As a part of a brief eco-centered tour of New Mexico Thursday, White House environmental guru Nancy Sutley took a walk through Santa Fe Community College's new Trades and Advanced Technology Center.

Sutley, who chairs the Council on Environmental Quality, toured the building with Santa Fe Mayor David Coss, Councilor Chris Calvert, City Attorney Geno Zamora and a score of students and faculty involved in the school's Sustainable Technologies Center, a department aiming to verse students with the emerging green economy. The STC, which is housed in the new building, offers degree programs in a plethora of renewable energy technologies like biofuels, green building and energy auditing. The $12 million Technology Center opened in May.

After the tour, Sutley told the crowd how great she thought it was to see Santa Fe "embracing this brave new world of green technology."

"We can see the jobs of the future being born right here," Sutley tells SFR.

Her green credentials got a national boost in the mid-2000s when, under Mayor Antonio Villaraigosa, she retrofitted 500 of Los Angeles' oldest buildings to make them more efficient.

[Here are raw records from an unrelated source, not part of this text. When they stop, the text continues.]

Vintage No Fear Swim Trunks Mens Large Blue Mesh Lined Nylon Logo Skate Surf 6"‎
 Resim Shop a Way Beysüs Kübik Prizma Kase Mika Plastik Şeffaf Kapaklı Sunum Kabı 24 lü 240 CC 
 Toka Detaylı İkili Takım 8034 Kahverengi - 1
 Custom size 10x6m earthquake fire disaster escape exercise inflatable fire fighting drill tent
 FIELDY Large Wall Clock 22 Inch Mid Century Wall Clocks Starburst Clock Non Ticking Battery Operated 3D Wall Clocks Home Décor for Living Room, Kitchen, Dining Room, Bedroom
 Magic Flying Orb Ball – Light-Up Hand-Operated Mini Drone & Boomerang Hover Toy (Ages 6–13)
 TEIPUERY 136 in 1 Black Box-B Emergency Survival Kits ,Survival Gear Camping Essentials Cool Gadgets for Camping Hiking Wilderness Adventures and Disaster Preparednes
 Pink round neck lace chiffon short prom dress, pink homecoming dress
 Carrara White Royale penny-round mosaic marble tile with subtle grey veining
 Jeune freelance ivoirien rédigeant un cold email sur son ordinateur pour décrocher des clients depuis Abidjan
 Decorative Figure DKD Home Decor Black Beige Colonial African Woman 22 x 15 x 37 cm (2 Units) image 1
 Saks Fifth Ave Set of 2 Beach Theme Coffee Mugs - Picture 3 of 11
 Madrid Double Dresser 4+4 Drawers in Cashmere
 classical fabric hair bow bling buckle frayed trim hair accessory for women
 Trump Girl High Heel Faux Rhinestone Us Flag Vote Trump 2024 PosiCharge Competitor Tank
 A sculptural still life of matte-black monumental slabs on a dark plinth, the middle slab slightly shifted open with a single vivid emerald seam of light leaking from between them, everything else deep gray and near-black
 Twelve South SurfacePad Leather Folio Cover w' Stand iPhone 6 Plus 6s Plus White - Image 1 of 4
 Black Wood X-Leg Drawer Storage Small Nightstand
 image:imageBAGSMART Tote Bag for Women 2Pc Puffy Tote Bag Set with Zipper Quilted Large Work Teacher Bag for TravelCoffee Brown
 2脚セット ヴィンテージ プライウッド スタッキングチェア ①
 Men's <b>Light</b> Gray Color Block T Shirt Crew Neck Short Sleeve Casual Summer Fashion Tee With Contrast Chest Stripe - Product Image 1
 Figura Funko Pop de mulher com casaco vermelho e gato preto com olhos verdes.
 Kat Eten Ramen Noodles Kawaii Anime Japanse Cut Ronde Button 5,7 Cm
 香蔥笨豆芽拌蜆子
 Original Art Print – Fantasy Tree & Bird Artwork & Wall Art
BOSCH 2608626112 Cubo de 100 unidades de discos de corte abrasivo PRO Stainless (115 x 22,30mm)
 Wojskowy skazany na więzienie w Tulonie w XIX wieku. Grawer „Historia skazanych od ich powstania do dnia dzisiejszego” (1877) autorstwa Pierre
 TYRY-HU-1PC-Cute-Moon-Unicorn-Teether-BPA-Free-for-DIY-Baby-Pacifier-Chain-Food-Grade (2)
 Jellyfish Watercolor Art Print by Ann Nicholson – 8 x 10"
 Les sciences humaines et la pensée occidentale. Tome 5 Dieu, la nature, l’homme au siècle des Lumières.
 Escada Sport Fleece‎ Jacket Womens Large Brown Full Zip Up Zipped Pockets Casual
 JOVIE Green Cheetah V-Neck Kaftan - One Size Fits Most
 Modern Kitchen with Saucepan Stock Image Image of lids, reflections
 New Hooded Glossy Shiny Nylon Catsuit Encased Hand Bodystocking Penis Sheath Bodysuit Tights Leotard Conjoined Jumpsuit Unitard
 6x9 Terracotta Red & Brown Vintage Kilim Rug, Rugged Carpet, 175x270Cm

Mayor Coss says Sutley's visit is an effort to show people the relevance of green energy programs advocated by Sens. Jeff Bingaman and Tom Udall and Rep. Ben Ray Lujan, all Democrats.

"They're obviously wanting to make sure their policies have resonance in local communities," Coss tells SFR. "Right now they're facing a hostile Congress that doesn't want any of this, at least in the House of Representatives."

Santa Fe Community College President Shelia Ortego says the building and its programs are an effort make "all the technicians we're training here more marketable to the green economy."

Although it was paid entirely through city and county bonds, Ortego says she's been on the lookout for federal funding to expand the building. "We're working to build visibility on the national front," she says. "We feel we're a national model that other people can replicate."

While Sutley's visit is certainly a start, Ortego has more ambitious plans in mind. After thanking Sutley for stopping by, Ortego slipped her a note inviting President Obama to deliver next year's commencement speech.